[Guest post by DRJ]
Three and one-half minutes. That’s how long it took from the moment the birds hit the aircraft until the plane was in the Hudson.
Those and other details were released today regarding US Airways Flight 1549. According to the NTSB, Captain Chesley Barrett “Sully” Sullenberger III intentionally ditched in the Hudson River because he knew he couldn’t get back to the airport and he didn’t want to jeopardize the urban population:
“Co-pilot Jeff Skiles, who was flying the plane at takeoff, saw the birds coming in perfect formation, and made note of it. Sullenberger looked up, and in an instant his windscreen was filled with big, dark-brown birds.
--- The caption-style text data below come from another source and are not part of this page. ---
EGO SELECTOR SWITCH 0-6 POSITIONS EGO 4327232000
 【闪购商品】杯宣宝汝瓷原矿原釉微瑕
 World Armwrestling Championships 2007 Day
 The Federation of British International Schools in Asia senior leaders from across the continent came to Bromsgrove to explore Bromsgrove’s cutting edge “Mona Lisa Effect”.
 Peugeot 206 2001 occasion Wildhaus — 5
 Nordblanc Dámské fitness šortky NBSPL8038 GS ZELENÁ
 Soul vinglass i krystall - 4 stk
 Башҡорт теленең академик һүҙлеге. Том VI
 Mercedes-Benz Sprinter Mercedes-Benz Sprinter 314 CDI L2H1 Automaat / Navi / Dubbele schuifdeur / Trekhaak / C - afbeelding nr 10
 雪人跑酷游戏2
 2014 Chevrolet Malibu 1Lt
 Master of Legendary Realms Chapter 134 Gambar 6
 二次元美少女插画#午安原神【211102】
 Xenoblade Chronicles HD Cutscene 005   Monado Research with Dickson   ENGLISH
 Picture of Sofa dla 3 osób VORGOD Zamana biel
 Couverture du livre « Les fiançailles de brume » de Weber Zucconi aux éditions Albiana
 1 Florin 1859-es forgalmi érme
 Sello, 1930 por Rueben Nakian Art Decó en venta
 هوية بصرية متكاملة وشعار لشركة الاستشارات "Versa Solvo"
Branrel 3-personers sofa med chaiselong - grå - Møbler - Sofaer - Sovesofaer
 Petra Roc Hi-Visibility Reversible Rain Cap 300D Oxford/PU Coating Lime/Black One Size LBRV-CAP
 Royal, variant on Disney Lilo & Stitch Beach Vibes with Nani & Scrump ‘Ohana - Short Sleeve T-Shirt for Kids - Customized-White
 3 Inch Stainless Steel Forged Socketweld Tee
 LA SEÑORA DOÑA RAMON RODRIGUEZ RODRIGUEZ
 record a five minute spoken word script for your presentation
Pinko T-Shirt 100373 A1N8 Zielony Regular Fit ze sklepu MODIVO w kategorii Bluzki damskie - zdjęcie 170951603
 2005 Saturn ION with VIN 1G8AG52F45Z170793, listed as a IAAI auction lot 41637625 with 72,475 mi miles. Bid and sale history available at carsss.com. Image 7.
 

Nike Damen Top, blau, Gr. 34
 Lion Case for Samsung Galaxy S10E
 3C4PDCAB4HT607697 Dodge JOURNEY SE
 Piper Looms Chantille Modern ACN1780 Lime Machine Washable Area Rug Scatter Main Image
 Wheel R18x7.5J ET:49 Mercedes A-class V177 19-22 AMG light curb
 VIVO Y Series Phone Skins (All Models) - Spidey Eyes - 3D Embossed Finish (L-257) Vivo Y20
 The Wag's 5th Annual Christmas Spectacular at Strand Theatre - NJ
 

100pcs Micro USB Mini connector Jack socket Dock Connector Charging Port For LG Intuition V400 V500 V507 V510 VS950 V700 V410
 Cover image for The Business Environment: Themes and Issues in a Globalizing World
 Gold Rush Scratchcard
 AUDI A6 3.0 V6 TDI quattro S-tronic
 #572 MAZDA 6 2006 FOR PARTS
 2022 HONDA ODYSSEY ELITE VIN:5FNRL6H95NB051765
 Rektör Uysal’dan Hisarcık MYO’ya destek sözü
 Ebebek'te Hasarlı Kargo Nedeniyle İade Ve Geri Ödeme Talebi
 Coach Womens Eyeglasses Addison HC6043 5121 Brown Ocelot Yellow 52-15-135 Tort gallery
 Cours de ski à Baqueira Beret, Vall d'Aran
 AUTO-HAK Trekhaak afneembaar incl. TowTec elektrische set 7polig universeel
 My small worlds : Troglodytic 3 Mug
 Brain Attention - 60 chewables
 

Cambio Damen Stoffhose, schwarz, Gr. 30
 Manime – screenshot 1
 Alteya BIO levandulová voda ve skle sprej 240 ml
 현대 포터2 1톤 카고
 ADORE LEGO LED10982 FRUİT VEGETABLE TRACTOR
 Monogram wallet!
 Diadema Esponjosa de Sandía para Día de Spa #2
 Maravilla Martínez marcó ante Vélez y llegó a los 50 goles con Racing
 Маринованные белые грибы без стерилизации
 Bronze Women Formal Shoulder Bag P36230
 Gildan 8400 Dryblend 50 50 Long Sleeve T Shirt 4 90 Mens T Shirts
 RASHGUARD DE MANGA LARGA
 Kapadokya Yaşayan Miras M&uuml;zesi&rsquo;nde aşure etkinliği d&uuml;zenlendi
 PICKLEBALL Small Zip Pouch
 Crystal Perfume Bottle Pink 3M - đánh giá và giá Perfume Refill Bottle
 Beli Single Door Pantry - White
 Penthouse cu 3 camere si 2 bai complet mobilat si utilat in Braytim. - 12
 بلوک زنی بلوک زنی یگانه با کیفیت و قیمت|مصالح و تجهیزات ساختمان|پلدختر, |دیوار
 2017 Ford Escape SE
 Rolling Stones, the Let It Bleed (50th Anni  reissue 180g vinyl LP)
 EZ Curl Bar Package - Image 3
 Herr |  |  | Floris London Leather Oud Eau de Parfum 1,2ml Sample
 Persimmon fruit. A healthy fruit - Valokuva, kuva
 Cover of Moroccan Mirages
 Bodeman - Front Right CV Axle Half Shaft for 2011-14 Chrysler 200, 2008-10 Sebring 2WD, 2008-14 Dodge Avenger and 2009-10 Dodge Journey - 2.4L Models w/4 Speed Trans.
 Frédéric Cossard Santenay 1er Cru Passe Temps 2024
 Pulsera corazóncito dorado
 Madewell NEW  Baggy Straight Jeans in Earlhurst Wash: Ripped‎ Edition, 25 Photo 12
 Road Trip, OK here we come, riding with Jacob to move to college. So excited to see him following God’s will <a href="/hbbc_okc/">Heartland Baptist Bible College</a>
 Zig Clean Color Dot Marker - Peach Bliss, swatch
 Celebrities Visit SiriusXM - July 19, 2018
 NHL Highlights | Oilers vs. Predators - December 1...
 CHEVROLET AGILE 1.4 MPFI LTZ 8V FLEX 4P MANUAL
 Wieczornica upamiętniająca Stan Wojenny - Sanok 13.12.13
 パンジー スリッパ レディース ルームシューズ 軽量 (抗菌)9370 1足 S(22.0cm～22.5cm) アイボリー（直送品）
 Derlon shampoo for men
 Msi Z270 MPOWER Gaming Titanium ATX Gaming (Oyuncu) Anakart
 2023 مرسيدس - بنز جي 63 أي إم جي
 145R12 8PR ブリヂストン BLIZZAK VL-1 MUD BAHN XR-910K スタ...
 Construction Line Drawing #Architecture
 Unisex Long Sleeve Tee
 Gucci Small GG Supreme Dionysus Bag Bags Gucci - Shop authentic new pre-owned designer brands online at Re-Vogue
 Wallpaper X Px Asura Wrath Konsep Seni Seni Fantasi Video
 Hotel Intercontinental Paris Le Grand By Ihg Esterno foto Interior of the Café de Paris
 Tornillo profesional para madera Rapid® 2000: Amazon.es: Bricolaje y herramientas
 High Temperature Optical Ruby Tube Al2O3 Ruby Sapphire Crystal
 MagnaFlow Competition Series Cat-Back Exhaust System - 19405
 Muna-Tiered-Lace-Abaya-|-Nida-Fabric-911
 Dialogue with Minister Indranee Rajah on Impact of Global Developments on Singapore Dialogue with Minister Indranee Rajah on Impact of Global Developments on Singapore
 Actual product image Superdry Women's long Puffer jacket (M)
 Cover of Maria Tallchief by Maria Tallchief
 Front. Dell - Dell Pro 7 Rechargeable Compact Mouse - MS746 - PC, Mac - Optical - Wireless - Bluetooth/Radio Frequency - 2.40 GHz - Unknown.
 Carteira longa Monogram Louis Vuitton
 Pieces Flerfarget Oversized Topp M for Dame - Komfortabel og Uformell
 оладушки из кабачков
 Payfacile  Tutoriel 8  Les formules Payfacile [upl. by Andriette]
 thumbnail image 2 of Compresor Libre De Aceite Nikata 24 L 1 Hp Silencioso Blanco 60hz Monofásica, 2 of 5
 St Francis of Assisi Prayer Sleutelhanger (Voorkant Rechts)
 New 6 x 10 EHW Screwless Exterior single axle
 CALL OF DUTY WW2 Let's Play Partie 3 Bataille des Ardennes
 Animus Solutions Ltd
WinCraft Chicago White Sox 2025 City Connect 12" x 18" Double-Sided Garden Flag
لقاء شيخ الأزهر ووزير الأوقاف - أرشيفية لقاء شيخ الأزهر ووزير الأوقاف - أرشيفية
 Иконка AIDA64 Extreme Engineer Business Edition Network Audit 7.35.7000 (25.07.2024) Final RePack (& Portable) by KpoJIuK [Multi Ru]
“His instinct was to duck,” said NTSB board member Kitty Higgins, recounting their interview. Then there was a thump, the smell of burning birds, and silence as both aircraft engines cut out.
The account illustrated how quickly things deteriorated after the bump at 3,000 feet, and the pilots’ swift realization that returning to LaGuardia or getting to another airport was impossible.
With both engines out, Higgins said, flight attendants described complete silence in the cabin, “like being in a library.” A smoky haze and the odor of burning metal or electronics filled the plane.
The blow had come out of nowhere. The NTSB said radar data confirmed that the aircraft intersected a group of “primary targets,” almost certainly birds, as the jet climbed over the Bronx. Those targets had not been on the radar screen of the air traffic controller who approved the departure, Higgins said.
After the bird impact, Sullenberger told investigators he immediately took over flying from his co-poilot and made a series of command decisions.
Returning to LaGuardia, he quickly realized, was out. So was nearby Teterboro Airport, where he had never flown before, and which would require him to take the jet over densely populated northern New Jersey.
“We can’t do it,” he told air traffic controllers. “We’re gonna be in the Hudson.”
While the first officer tried to restart the engines, Sullenberger glided over the George Washington Bridge and elected to land near the ferry terminal, so the passengers would have a better chance at rescue. It happened so fast that they never flipped the Airbus’ “ditch switch” that sealed the bottom openings on the aircraft to make it more seaworthy.